We previously highlighted the benefits of Confessions of Judgment in New York debt collection. Typically, when our clients who are collecting a debt wish to avoid litigation, we recommend utilizing confessions of judgment.
Recent reports regarding the debt collection practices of the merchant cash-advance industry have spurred greater public awareness of the chronic use of Confessions of Judgments by out-of-state creditors.
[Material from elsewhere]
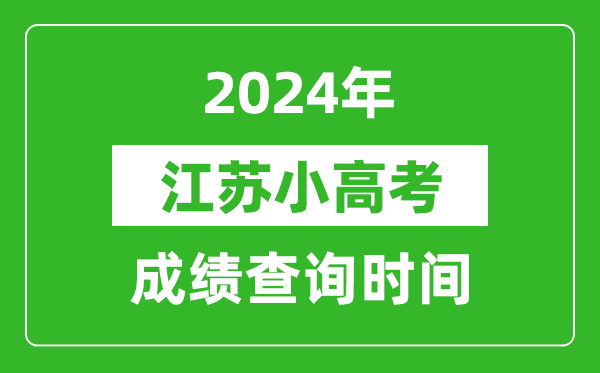 2024年江苏小高考绩绩查问时辰,小高考绩绩甚么时辰出来?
According to the reports, “legal loopholes” allow a lender to immediately seize a borrower’s assets and that a lender can do so without notice. This leaves borrowers with little or no chance of defending themselves. The reports added that lenders use the New York court system to avoid legal disputes in their debt collection claim, allowing for rushed judgment. They do so by executing on the judgment and restraining monies in their delinquent customers’ accounts. Lenders do this whether located in or outside of New York state.
The Proposed Bill
As a result of these “predatory lending policies,” New York governor Andrew Cuomo has announced a proposal to restrict the use of Confessions of Judgment in the state as part of his 2019 Justice Agenda. The proposal aims to help consumers and small business owners. It would restrict creditors that have no connections to New York, who use Confessions of Judgments to bypass debt collection.
The proposal states:
Firstly, New York will codify an FTC rule that prohibits confessions of judgments in consumer loans; secondly, prohibit the use of confessions of judgement in small business loans under $250,000, situations where business owners may struggle to afford representation and should not be forced into waiving their legal rights; and finally, stop lenders from exploiting New York courts for nationwide collections by requiring that any permissible confession of judgment enforced in New York courts have a nexus to business activity in New York.
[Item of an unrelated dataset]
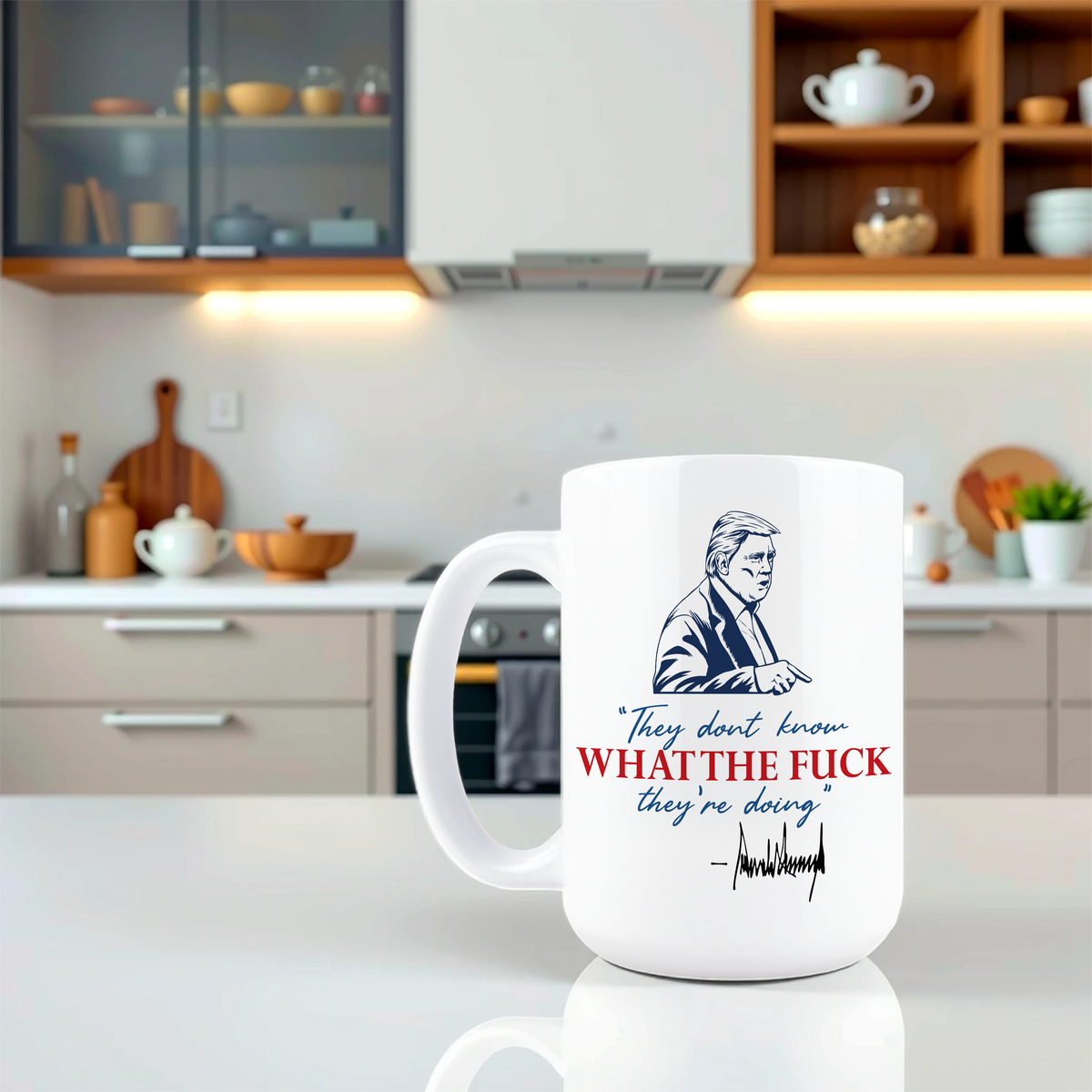 Lifestyle shot of Trump portrait and They Don't Know What the F*ck They're Doing quote mug on a kitchen counter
You can read the full proposal here.
The proposed legislation as written covers much more than small business loans and out of state creditors. As written, the bill would also affect New York creditors who sell financial products and services.
As with everything, everyone suffers when systems or processes are abused. We will follow the bill closely to see if it will cause a true departure from Confessions of Judgments in New York as well as identify what changes will be made and how it will impact our clients.